Agnolo pressed forward hard enough to shake the bed.
“I won’t be lured,” he snarled, digging his fingers into Daniele’s hip. Daniele arched, straining his arm to cover a laugh and managing only to cackle instead. “I won’t be goaded.” He shoved his free hand up against his mouth, but only managed to keep it there long enough to get a few lashes of Daniele’s wicked, lying tongue before he needed to throw it out for support. It didn’t feel at all like with a woman. It was a different sort of pressure, a different sort of body underneath him straining to get at him, cock bumping his stomach with each roll of his hips.
“Of course you will be goaded,” laughed Daniele. “You always have been. Silly Agnolo, you never have known how not to take the world so seriously.”
“And you have never taken anything seriously at all.”
“Except my attempts on your life,” whispered Daniele, and Agnolo blood roared in his head as he said it. “Except all these times I have tried to kill you now. How many is it? You are the one keeping track. And look at how I have succeeded. You are dying already, Agnolo. I can feel you in the throes of it. You left to live without me and now you have come back to die.”
“Death is always near,” growled Agnolo. It was true. It was in the river, it was in the streets, it was on the back of a reared horse or the bedroom of the man who nearly ruined your wedding. Agnolo could not here pause to wonder how one got from one point to the next. “But I’ll keep you closer. You son of a bitch, does that tongue of yours ever stop wagging. You bastard. You cheating, lying, thieving bastard.”
“Oh yes. All of these things.”
“You might have said something.”
And then Agnolo stretched to cover his mouth with his, so that he could say nothing more.
The bells tolled in the morning hours and Agnolo di Leonetti lived, if barely. The matter had taken most of the night, and by the time he had returned home, the first blue hints of dawn had crept into the black skies over Firenze.
Giuseppe stirred at the door. He had been leaning blearily in the frame. Not the wisest of places for a nap, someone might have robbed him, or much worse. Agnolo kicked him sharply. He deserved it, for being so careless to such things.
“Mmah!” The boy drew his knife on reflex and, recognizing his master through a bleary gaze, tucked it right back into his boot. “Oh, it’s only you.”

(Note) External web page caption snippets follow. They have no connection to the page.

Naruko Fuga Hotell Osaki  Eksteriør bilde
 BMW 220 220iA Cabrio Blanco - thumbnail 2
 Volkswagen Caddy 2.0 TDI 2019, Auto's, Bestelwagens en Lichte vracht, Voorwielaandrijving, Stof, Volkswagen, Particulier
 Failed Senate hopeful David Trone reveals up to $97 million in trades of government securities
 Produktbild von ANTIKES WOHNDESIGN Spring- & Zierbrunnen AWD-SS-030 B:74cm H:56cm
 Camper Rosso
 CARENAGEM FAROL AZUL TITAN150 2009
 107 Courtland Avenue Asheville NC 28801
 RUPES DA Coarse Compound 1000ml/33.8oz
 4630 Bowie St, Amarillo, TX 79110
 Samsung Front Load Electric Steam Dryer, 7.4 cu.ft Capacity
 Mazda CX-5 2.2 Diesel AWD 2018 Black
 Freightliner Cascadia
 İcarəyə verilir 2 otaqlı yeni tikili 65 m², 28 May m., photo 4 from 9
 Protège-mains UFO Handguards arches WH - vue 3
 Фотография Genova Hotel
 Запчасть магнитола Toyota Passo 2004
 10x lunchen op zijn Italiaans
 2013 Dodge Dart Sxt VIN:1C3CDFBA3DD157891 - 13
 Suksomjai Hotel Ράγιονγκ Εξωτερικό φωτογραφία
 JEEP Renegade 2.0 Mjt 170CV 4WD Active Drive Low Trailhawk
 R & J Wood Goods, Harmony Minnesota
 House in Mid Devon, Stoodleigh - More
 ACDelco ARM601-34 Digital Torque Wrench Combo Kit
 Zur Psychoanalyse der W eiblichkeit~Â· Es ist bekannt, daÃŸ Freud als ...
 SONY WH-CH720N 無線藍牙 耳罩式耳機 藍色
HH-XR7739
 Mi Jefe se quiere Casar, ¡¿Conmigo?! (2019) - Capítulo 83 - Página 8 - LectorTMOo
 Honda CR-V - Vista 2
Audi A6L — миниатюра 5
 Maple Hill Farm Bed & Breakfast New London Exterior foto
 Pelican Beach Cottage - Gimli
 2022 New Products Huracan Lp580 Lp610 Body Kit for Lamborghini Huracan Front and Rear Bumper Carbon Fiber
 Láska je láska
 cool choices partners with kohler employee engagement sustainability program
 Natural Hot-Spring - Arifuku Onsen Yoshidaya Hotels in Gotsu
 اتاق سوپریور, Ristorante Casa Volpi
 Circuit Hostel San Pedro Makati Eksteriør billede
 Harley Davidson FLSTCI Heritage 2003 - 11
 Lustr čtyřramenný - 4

Good, thought Agnolo, he is not a completely hopeless case. “Take those documents I gave you and burn them.” He paused. “Ah, but wait. Keep the ones that would go to my household. One cannot ever be so sure. Remember this, Giuseppe, when you are sleeping in alleys like an idiot.”
“And doesn’t it serve me right for being loyal!” yawned his apprentice. “Still, suits me you have not died. I should like to still have a roof over my head.”
“Whether you choose to use it or not,” said Agnolo, sourly.
“I choose it, I choose it!” Agnolo led him inside. “I am very much glad the attempted murder has failed. Might we find better pastimes, Master? Like starting brawls in San Marco.”
“Who is to say the attempt has failed.”
Giuseppe froze. “Eh?”
Agnolo wove his way to the study, if he was slightly unsteady it was perfectly expected from a man back from the dead. He pulled a parcel from the sleeve of the cioppa he had not worn as he’d set out the day before. He took it to the cask beneath his table, and locked this parcel tight. “Giuseppe, it goes deeper than I had thought.”
“And,” Giuseppe hesitated, unsure he wanted to know, but too curious not to ask, “how deep would this be?”
“Conspiracy,” said Agnolo, pounding his hands on the table as he was wont to do. “Daniele Bugiardini is a dangerous man. He cannot be left to his own devices. I shall have to go again a week from now. Pray for me, Giuseppe. Who’s to say I shall come back alive?”